BASIC - NEUROLOGY Flashcards
Indications of carbamazepines?
- Epilepsy – 1st line for focal seizures and primary generalised tonic-clonic seizures
- Trigeminal neuralgia - 1st line to control pain and reduce frequency/severity
- Bipolar disorder - option
Mechanism of carbamazepines?
- Inhibit neuronal sodium channels, stabilising resting membranes potentials and reducing neuronal excitability
- Inhibit spread of seizure activity in epilepsy
Side effects of carbamazepines?
- N&V
- Dizziness and ataxia
- Oedema & hyponatraemia
- Bone marrow suppression (agranulocytosis)
- Hypersensitivity – 10% (Mild maculopapular skin rash)
- Antiepileptic hypersensitivity syndrome – 1 in 5000, mortality 10%
Contraindications of carbamazepines?
- AV conduction abnormalities (unless paced)
- History of bone marrow depression
- Prior antiepileptic hypersensitivity syndrome
Cautions of carbamazepines?
- Pregnancy – need high dose folic acid
- Cardiac, hepatic and renal disease
Interactions of carbamazepines?
- Induces CYP450 enzymes
- Metabolised by CYP450 enzymes
- Efficacy reduced by drugs that lower seizure threshold
o SSRIs, TCAs, antipsychotics and tramadol
Dosing of carbamazepines?
- Oral or rectal only
- Started at low dose (100-200mg OD/BD) and increased gradually to maximum of 1.6g/day
- Treatment must be withdrawn gradually over at least 4 weeks – seizure recurrence risk
Communication to patient of carbamazepines?

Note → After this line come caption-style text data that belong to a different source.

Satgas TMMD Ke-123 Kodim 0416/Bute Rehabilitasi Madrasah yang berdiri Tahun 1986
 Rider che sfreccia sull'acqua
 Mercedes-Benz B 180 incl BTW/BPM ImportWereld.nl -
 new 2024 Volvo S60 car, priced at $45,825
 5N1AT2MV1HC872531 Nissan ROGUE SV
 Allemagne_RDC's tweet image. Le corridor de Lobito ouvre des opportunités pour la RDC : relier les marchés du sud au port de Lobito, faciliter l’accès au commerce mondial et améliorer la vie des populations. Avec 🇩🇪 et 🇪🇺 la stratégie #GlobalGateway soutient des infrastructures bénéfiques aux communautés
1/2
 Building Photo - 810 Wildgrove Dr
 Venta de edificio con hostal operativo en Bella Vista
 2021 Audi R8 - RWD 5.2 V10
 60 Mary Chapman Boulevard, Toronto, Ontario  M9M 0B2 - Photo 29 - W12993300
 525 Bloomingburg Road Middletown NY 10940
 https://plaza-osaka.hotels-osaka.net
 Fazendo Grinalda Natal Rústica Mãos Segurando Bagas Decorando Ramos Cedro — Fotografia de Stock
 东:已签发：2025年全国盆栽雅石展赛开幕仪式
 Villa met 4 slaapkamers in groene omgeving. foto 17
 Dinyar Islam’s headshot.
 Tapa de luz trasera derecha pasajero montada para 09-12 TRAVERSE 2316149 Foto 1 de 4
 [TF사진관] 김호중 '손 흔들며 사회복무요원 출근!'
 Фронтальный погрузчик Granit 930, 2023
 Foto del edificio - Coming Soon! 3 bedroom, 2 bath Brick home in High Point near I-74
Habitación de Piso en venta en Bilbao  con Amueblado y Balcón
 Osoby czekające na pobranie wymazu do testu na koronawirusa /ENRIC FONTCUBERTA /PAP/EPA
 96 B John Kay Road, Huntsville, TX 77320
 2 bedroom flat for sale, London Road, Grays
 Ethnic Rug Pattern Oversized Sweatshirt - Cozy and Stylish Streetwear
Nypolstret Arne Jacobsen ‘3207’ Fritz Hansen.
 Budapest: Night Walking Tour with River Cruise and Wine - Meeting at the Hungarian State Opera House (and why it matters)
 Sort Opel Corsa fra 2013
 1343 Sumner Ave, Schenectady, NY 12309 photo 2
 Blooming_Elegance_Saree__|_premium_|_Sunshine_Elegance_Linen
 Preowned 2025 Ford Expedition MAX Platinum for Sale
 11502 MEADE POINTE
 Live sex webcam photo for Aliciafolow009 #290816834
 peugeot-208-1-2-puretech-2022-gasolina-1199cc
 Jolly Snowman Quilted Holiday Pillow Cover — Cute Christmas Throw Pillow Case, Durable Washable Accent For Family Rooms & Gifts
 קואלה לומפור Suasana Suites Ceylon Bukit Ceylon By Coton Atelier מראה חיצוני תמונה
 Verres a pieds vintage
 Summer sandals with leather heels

- Must not drive until seizure free for 12 months
- Cannot drive 6 months after changing or stopping treatment
Monitoring of carbamazepines?
- Report any unusual symptoms
- Plasma concentration for response (4-12mg/litre) measured after 2 weeks
- FBC, U&Es, LFTS may be beneficial
Indications of phenytoin?
- Control seizures in status epilepticus when benzodiazepines are ineffective
- Reduce frequency of focal or generalised seizures in epilepsy (if other drugs not suitable)
Mechanism of phenytoin?
- Bind to neuronal sodium channels in inactive state, prolonging inactivity and preventing Na influx
- Prevents drift of membrane potential from resting to threshold value
- Reducing neuronal excitability
- Inhibit spread of seizure activity in epilepsy
- Similar effect seen in Purkinje fibres – account for antiarrhythmic and cardiotoxic effects
- Low therapeutic index
Side effects of phenytoin?
- Long-term – skin coarsening, acne, hirsutism and gum hypertrophy
- Cerebellar toxcitiy (ataxia, nystagmus, discoordination), impaired cognition
- Haematological disorders (folic acid metabolism)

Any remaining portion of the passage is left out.